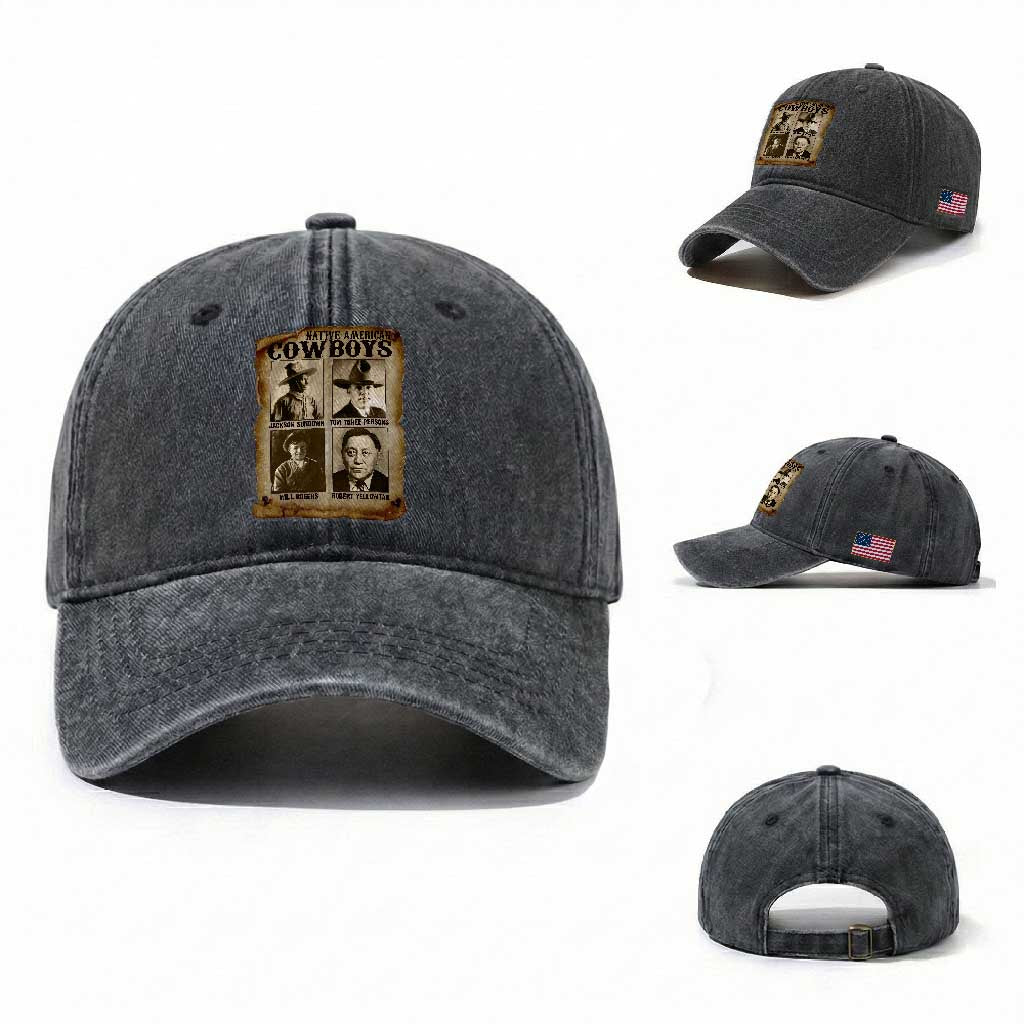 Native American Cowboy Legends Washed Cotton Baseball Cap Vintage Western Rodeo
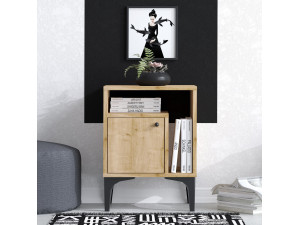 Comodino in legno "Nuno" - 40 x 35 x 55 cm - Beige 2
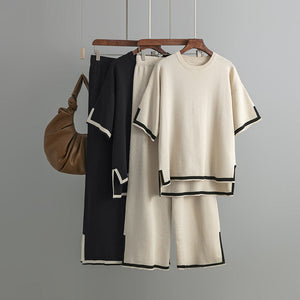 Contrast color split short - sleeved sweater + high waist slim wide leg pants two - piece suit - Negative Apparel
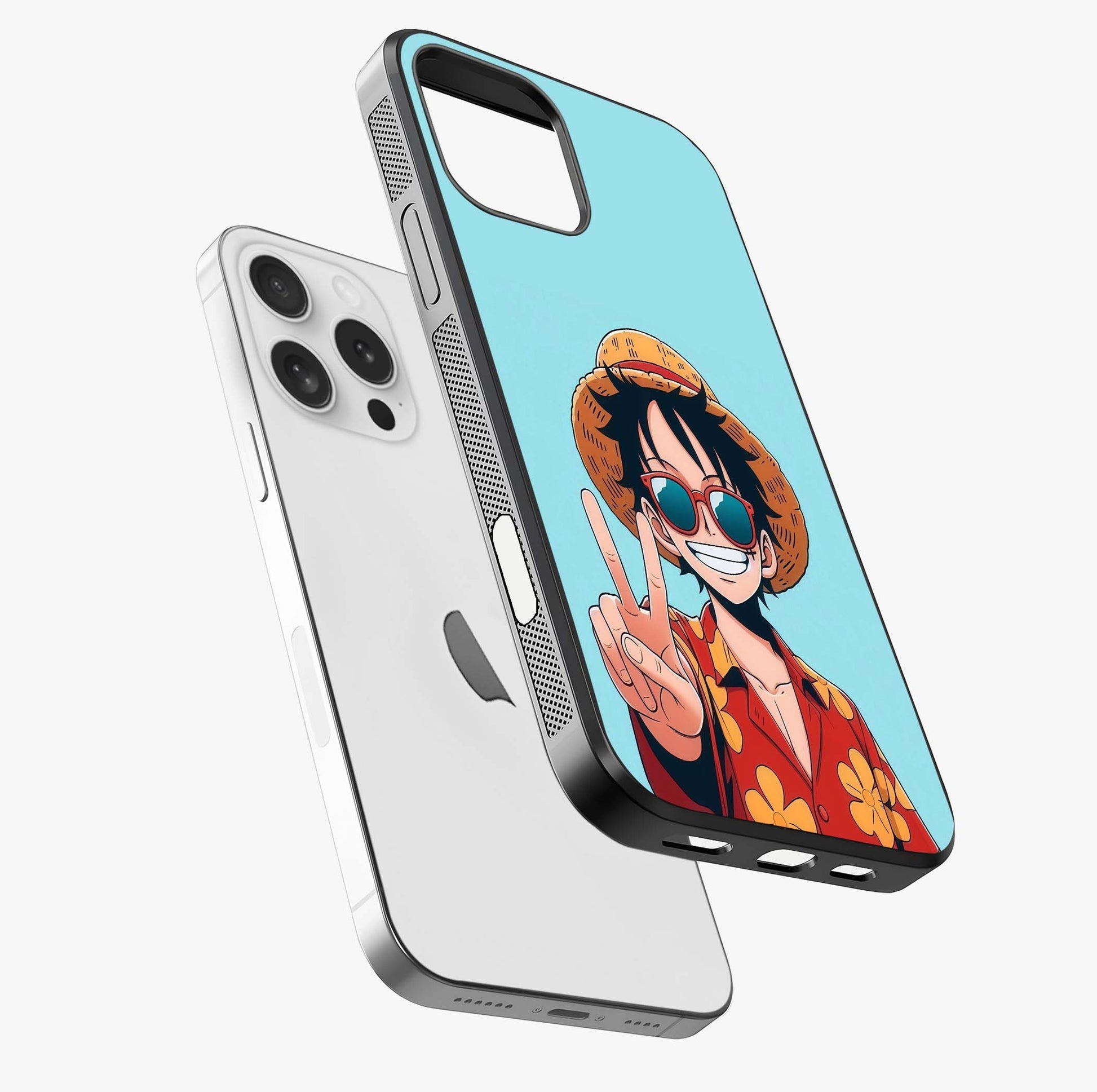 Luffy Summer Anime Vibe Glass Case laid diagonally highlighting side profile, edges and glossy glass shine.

---------------

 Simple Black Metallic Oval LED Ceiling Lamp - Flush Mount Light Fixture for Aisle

---------------

** What needs to be done **
An exact copy of the lines above from the one with "Native American Cowboy" up to and including the one with "Luffy Summer Anime" is required; reproduce only those lines, omitting all pictures.

** Task response **
 Native American Cowboy Legends Washed Cotton Baseball Cap Vintage Western Rodeo
 Comodino in legno "Nuno" - 40 x 35 x 55 cm - Beige 2
 Contrast color split short - sleeved sweater + high waist slim wide leg pants two - piece suit - Negative Apparel
 Luffy Summer Anime Vibe Glass Case laid diagonally highlighting side profile, edges and glossy glass shine.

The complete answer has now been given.